Cain hit the headlines before the debate because of comments he made in a March 21st interview with Christianity Today. In this interview he said that based upon his limited knowledge of Islam and Muslims he believed that “they have an objective to convert all infidels or kill them.”
Three days later the blog Think Progress asked him about his dim view of Islam.
They asked, would he be comfortable giving a cabinet or federal judge posting to a Muslim? “No,” he replied, “I will [sic] not. There is this attempt to gradually ease Sharia law and the Muslim faith into our government.” Unsurprisingly, he fails to provide a breadth of relevant examples. He does, however, use Europe as an example, where there are only four countries with a Muslim majority that officially operate as secular states.
Beyond his figures, though, are other more telling numbers.
For example, there are only seven European countries where Islam is the official religion of more than 5% of the population. That doesn’t matter to Cain, though, as he quoted his grandfather: “I does not care; I feel the way I feel.”
Since then Cain has backpedalled a bit, saying he would appoint a Muslim to his cabinet if they were willing to disavow Sharia Law, but unfortunately he doesn’t know any that would.
At the Presidential debate, Cain was queried yet again about religion. He was at pains to clarify his position, struggling to point out that he actually doesn’t have a problem with all Muslims at all. Well, only some of them:
“And I would not be comfortable because you have peaceful Muslims and then you have militant Muslims, those that are trying to kill us. And so, when I said I wouldn’t be comfortable, I was thinking about the ones that are trying to kill us, number one.”

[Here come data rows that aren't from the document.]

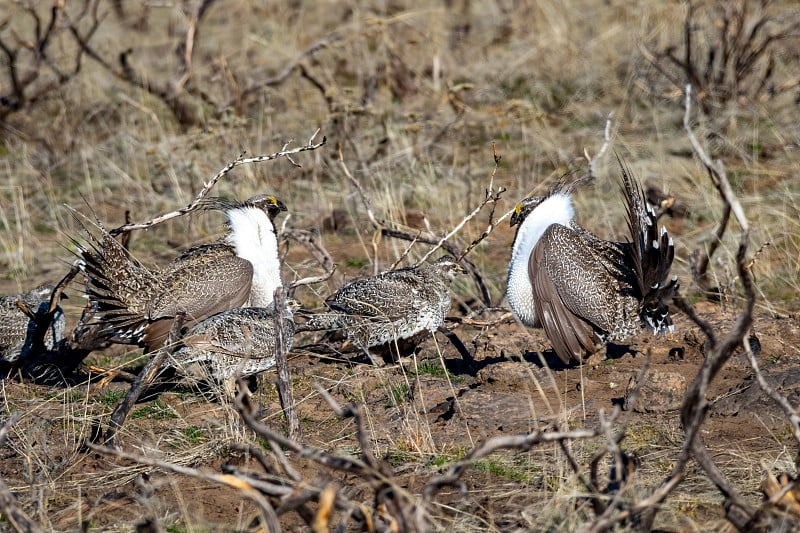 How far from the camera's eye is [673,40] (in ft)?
31.5

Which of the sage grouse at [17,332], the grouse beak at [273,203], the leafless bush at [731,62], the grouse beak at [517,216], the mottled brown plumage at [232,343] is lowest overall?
the sage grouse at [17,332]

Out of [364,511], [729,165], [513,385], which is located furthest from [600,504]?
[729,165]

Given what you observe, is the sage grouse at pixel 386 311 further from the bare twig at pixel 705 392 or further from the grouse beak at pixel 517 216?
the bare twig at pixel 705 392

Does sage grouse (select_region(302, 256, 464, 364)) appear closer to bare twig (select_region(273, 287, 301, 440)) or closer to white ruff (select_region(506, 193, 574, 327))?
white ruff (select_region(506, 193, 574, 327))

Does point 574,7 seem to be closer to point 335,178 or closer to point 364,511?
point 335,178

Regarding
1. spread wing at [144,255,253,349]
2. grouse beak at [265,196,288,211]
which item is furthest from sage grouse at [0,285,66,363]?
grouse beak at [265,196,288,211]

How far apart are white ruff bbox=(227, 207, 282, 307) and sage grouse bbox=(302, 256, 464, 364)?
40 centimetres

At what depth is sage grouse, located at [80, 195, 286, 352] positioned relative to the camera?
4.93m

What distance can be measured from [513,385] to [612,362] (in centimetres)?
72

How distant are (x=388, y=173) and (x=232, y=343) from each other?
297cm

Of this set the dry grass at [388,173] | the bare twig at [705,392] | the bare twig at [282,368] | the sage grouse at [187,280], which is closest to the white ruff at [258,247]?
the sage grouse at [187,280]

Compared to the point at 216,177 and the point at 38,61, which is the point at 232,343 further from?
the point at 38,61

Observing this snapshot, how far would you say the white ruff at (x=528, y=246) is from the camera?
4.93 metres

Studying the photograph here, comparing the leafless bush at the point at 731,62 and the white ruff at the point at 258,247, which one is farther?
the leafless bush at the point at 731,62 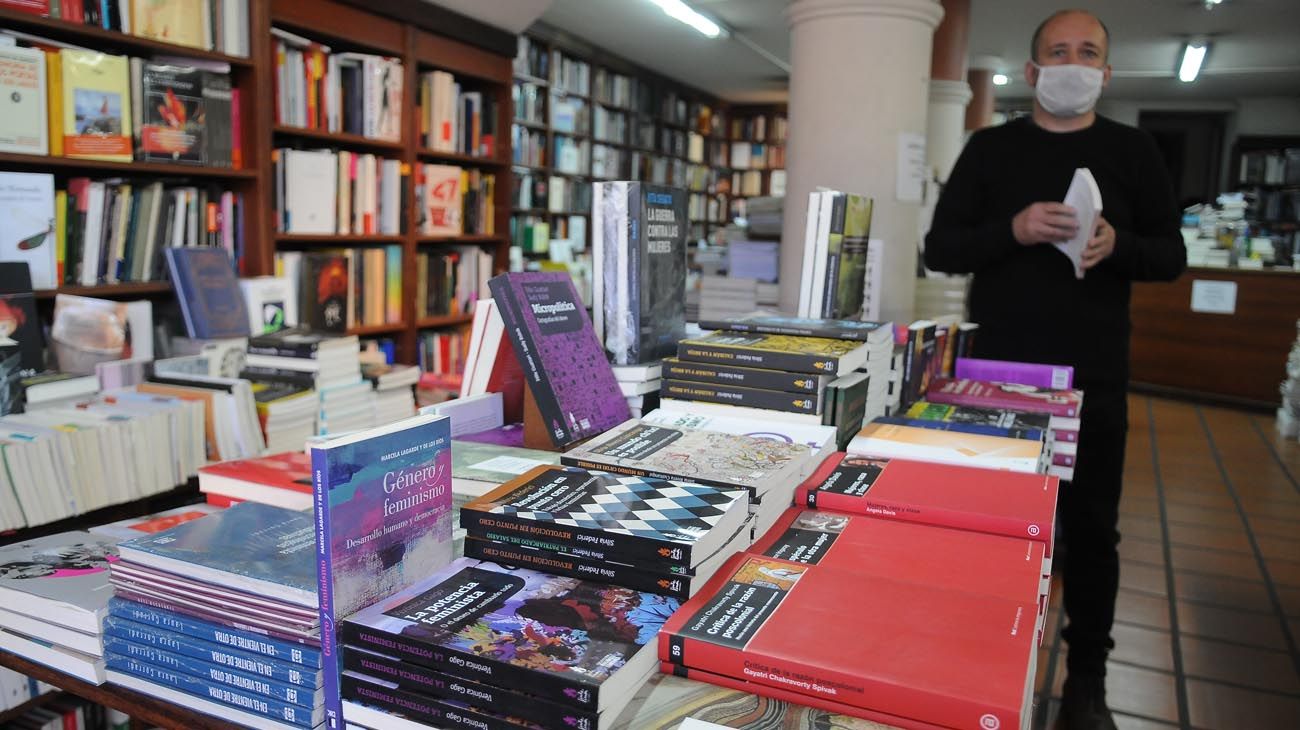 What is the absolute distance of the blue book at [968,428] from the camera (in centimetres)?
135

Yea, that clears it up. Apparently he is only uncomfortable with Muslims who are trying to kill us, adding that Islam is the only religion with which he maintains this fear.
But did any of the other Presidential candidates concur with him?
Mitt Romney said Sharia law cannot be applied in American courts because of the Constitution, which is actually 100% correct, and that the US has always welcomed people of all faiths: “[t]hat’s in fact why some of the early patriots came to this country and we treat people with respect regardless of their religious persuasion.” He followed this up by saying he would only appoint people he was comfortable with, people he knew would honor their oath to the Constitution above all others.
Newt Gingrich followed by referencing the Time Square bomber as evidence that the actions of the 1940s to defeat Nazism, as well as those from the 1940s to 1980s to defeat Communism, proved that some people were trying to harm the United States. He suggests such actions may be needed now, as well, but does not mention against whom.
Those two in mind, not one of the candidates defended Islam, or even said that the United States faces threats from any non-Muslim group.
Well, less than one percent of the United States population is Muslim. It is easy to take on a social group that has little-to-no voting power.
And so, perhaps the most important question is why haven’t any Republicans stood up for the Muslim community, a community that swung behind George W. Bush in the 2000 Presidential election, one that a prominent Republican even said they made the difference in Florida.
Yet now, these GOP candidates have turned away from this community, turning towards a tenuous slope of Islamophobia.